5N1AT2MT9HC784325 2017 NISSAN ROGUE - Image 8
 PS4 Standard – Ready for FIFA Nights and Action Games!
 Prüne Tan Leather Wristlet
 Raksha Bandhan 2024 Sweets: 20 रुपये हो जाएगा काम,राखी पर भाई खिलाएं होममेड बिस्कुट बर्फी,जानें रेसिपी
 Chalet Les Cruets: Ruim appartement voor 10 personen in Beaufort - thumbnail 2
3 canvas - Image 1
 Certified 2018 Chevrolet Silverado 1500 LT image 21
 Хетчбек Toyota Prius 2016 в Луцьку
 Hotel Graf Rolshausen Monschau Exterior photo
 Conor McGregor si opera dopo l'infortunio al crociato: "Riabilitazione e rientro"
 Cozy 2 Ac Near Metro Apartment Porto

════════════════════

Exercise aim
Taking the line containing "3 canvas - Image 1" as the first, please return it and every line after it through the end of the entries, exactly and only those.

Solution
3 canvas - Image 1
 Certified 2018 Chevrolet Silverado 1500 LT image 21
 Хетчбек Toyota Prius 2016 в Луцьку
 Hotel Graf Rolshausen Monschau Exterior photo
 Conor McGregor si opera dopo l'infortunio al crociato: "Riabilitazione e rientro"
 Cozy 2 Ac Near Metro Apartment Porto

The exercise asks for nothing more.